Ann Barnhardt has joined The Remnant. I present her first piece, “Diabolical Narcissim: “Go Clean Up the Kitchen You Stupid, Stupid Woman” without comment. What could I possibly add to this?
A sample:
My evening ritual before turning in for the night was, in order, to go into the kitchen, wash and dry any and all dishes and cookware used that day, including the coffee pot, lift the grates off of the gas stovetop and thoroughly clean and polish the stainless steel stovetop, clean the countertops, kitchen table, and stainless steel double basin sink, and finally replace the stove grates and then set upon the perfectly clean stove the small saucepan for my friend to heat his milk for the next morning’s coffee.
Bear in mind, rarely were any of the dishes dirtied by me, as I ate out more often than not. Further, I was almost never the first in the kitchen in the morning, and was not a ritual morning coffee drinker. I cleaned the kitchen and set out the next morning’s accouterment not for myself, but for my friend and housemate. I wanted him to start his day off not with a dirty kitchen, dishes stacked in the sink, and a grease-covered stove, the thought in the back of his mind, “Oh, I’m going to have to clean this kitchen after I get home from work today….”
No. I wanted to give him the smallest of gifts – a little help around the house. And God forgive me, that twenty minutes of quiet, nightly kitchen clean-up, in particular the polishing of the stove and setting out of the saucepan, was the best part of my day. If I were dishonest I would say that something liturgical or some formal prayer was the best part of my day, but it wasn’t. The silent, spontaneous prayer of thanksgiving that flowed out of my soul as I recalled that day’s events, and how happy I was to be where I was, surrounded by friends, recalling past adventures and making plans for future adventures, and praying for my friend and housemate and his intentions, as I scrubbed grease splatter off of the stove with Ajax grease cutting spray and paper towels – that was the best part of my day.

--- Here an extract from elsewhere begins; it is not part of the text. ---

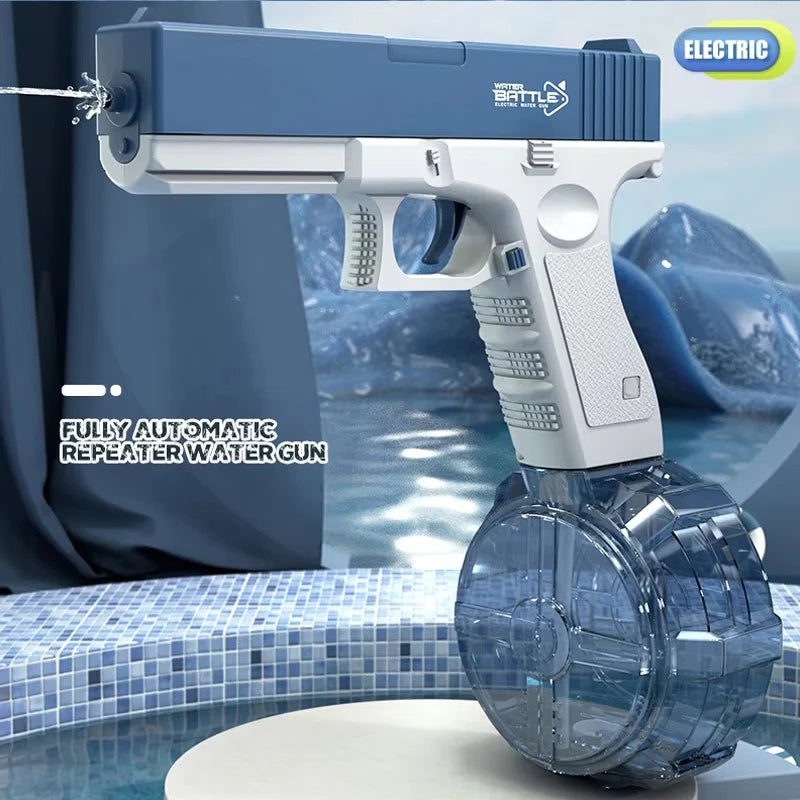 "BreezeTech compact rechargeable electric water gun pistol"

Reblogged this on To our bodies turn we then and commented:
Describes my evening prayers perfectly:
As I read, I was expecting hostility and resentment. Having lived in shared housing with women, Ann Bernhardt is a candidate for sainthood.

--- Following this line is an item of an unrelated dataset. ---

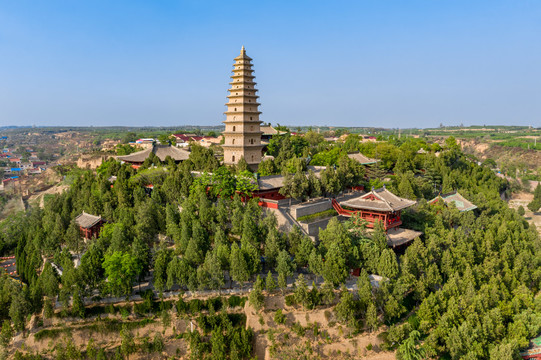 普救寺莺莺塔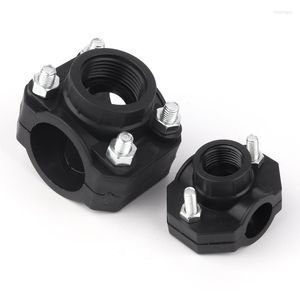 Watering Equipments 3pcs PE Water Pipe Connector Agricultural Fertilization Irrigation Tube Repair Tee Connectors Add Female Thread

Thank you for letting us know about this. As always it was a great read.
If you ask me when I felt happy – truly, truly happy – it was when I was cleaning up for a man. So roll that up real tight in your Virginia Slim and smoke it, Betty Friedan. It’s almost as if there is some sort of hard-wiring given to us by God – factory-loaded software if you will – nudging us toward our gender-specific vocations that will make us truly happy.
Love this.
I have to say that I was less than impressed with that article. My husband subscribes to The Remnant, as did my mother, so I have grown up with the newspaper. I read it, and couldn’t help but notice the lack of refinement in her writing. As a mother who has a male-dominated household and six grade levels that I must prepare to teach in addition to all the traditional roles, I did not take to this article with the alacrity it appears others have. What I did take away from it is that she doesn’t seem happy with the choices she has made in life and would have preferred a more traditional life, but judging from her age it seems that it would be best for her to make a virtue out of necessity and accept her life. What is offensive about this article is that she has no point of reference other than that one period in her life. And I’m sorry, but even living platonically with a man as a convenient arrangement, a man who is neither a father nor brother, is the appearance of scandal. I cannot understand why nobody in our traditionalist community hasn’t picked up on this.

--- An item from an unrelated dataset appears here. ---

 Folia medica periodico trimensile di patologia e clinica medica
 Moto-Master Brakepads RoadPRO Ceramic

Ann Barnhardt has been very open about her past and why she’s not married. She also did not become Catholic until the mid 2000’s I believe and traditional even later. She’s more than accepted her choices in life.
It was still a bad example, choices or not, and consequently it really did not have any place in a traditional Catholic periodical. I’m sorry, but I am very disappointed with Michael Matt in this choice. I was a little hesitant to mention it to him, but since he published two letters to the editor in the most recent edition who at least somewhat agreed with me, I felt emboldened to at least make my opinion known to him, which I did.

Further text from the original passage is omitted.